What I don’t like is how lumpy and nondescript the actual plot of the film is, or how it relies on pretty much the exact same climactic conventions of the first only this time adding a second hero to face off against a seemingly endless series of robotic Iron Man facsimiles. Like I said about the original, after a while the whole thing starts looking like a CGI version of the battle between ED 209 and Robocop, and no matter how good the effects are the emotional emptiness of what is transpiring makes these scenes more than a tiny bit tiresome.

I will admit this sequel is far better paced than its predecessor was, and even when the script starts getting clunky with narrative contrivances (a huge subplot involving Stark’s health isn’t interesting; its resolution even less so), Favreau somehow still manages to do a nice job keeping things moving. It helps considerably that Downey Jr. can do just about no wrong as Stark, and even if he’s just going through the paces and picking up a paycheck he’s still such a joy to watch the actor almost all alone makes a lot of the film’s problems feel close to nonexistent.
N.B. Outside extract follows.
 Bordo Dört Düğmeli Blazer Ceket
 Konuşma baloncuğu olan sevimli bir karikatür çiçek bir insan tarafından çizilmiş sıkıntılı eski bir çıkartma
As for that aforementioned plot? It mostly revolves around Tony’s attempts to keep the Iron Man technology privatized and out of the hands of the United States military even though a pernicious Senator (Gary Shandling) and duplicitous fellow arms merchant Justin Hammer (Sam Rockwell) are dying to get it. Additionally, the narcissistic superhero also must face off against Russian Ivan Vanko (Mickey Rourke), a fellow scientific whiz who wants to see him pay for what he sees as crimes against his father by the Stark Corporation.

There’s more, not the least of which is Lt. Col. James Rhodes’ (Don Cheadle, taking over for Terrence Howard) increasing distrust of his friend Tony due to his apparently frazzled emotional state and the introduction of a new secretary (Scarlett Johansson) for the superhero industrialist after he promotes Pepper to be his company’s CEO. It’s mostly all filler, however, and a lot of it doesn’t actually make much sense (especially Rhodes’ immediate ability to pilot one of the suits even though he’s never had any training or practice inside of it), and to say I cared about almost any of it would be an outright lie.

PHOTO: Paramount Pictures

If it sounds like I’m being harsh I’m not trying to be. For a film just over two hours in length I was never bored and very little annoyed me, some crappy overhead CGI effects accompanying a race in Monaco the only thing that came close to doing so. The cast is exemplary, the quips are funny and most of the action scenes are genuinely exciting. Favreau keeps improving behind the camera, and while I’d never put him in the same league as a Christopher Nolan or a Bryan Singer, he’s still good enough I’d be happy to watch almost anything he chooses to direct next.

I just wish I felt better about Iron Man 2 as a whole, especially the derivative and not all that interesting finale. As superhero adventures go this one is sadly more Spider-Man 3 than it is Superman II, and while it doesn’t fall to the disappointing depths of the former it doesn’t even come close to obtaining the superlative heights of the latter. Like the original this is a movie I don’t particularly mind but don’t exactly love, either, and if I didn’t say that in so many words in regards to the first film not doing so as far as this sequel goes isn’t a mistake I plan on making twice.